From the entries below, return exactly the lines beginning at the one that contains "Greetings. In this" and ending at the one that contains "Bundle Encryption is", both of them included, and only those lines.

(Saved data entries)
Segment Open

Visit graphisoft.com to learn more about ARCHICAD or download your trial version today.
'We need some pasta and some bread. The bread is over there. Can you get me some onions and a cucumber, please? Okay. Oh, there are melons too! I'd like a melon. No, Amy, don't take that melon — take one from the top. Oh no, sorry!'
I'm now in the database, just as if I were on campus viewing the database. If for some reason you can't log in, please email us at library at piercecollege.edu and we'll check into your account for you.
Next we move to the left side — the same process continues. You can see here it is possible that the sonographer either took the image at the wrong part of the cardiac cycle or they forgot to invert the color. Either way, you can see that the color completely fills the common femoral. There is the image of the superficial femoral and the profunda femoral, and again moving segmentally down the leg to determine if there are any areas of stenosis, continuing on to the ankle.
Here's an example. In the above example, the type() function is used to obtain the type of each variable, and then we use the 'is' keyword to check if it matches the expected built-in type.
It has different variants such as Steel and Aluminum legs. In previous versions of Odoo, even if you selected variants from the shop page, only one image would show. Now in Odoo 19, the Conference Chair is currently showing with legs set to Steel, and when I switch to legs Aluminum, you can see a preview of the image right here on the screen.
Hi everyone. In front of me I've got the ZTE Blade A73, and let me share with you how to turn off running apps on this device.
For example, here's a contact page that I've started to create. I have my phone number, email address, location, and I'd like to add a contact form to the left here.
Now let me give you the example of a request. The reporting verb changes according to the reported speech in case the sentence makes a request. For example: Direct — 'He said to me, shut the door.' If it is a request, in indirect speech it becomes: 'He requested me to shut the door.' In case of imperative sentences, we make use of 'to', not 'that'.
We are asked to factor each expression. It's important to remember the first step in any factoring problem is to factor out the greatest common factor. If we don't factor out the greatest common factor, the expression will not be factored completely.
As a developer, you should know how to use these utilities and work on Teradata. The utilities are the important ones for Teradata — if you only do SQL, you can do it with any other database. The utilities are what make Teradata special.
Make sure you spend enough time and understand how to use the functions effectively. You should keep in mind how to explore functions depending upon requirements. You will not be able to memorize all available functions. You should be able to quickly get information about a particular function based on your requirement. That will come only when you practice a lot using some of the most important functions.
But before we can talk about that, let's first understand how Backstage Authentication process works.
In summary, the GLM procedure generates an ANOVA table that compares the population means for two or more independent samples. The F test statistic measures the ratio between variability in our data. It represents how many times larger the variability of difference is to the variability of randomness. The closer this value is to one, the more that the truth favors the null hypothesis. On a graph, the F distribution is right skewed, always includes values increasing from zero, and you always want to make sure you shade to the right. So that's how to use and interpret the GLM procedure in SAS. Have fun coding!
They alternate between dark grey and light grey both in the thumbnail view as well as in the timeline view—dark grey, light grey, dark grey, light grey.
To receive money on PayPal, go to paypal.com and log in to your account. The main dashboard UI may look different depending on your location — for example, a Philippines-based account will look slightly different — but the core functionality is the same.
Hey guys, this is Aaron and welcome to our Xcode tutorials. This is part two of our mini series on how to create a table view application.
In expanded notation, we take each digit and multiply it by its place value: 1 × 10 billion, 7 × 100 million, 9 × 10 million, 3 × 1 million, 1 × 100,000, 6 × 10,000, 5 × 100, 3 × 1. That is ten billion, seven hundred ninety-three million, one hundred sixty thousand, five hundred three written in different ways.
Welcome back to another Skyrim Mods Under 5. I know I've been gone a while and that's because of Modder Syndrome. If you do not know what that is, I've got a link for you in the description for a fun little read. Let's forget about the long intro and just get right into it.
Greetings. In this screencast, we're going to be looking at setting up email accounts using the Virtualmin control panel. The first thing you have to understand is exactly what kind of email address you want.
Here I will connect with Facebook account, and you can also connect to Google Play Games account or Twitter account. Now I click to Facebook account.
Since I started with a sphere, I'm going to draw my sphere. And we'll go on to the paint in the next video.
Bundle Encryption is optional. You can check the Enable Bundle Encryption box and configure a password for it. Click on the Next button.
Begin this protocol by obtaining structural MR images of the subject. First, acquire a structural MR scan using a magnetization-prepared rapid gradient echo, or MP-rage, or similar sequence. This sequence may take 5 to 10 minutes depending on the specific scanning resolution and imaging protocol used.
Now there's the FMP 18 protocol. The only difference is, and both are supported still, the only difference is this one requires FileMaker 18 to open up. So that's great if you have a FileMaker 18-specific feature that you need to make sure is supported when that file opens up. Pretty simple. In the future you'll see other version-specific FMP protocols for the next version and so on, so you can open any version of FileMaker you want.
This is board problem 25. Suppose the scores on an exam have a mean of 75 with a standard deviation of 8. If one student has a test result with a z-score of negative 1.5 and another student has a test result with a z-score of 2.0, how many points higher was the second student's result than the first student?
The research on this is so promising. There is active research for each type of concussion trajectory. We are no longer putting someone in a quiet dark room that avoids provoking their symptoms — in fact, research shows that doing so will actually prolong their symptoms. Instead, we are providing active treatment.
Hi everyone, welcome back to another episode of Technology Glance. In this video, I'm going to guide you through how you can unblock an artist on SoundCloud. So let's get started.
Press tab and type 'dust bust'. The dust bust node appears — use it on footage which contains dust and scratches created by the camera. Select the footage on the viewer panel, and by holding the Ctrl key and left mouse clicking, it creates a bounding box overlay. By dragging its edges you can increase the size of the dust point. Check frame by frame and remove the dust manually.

Segment Closed

* RESPONSE TO THE TASK *
Greetings. In this screencast, we're going to be looking at setting up email accounts using the Virtualmin control panel. The first thing you have to understand is exactly what kind of email address you want.
Here I will connect with Facebook account, and you can also connect to Google Play Games account or Twitter account. Now I click to Facebook account.
Since I started with a sphere, I'm going to draw my sphere. And we'll go on to the paint in the next video.
Bundle Encryption is optional. You can check the Enable Bundle Encryption box and configure a password for it. Click on the Next button.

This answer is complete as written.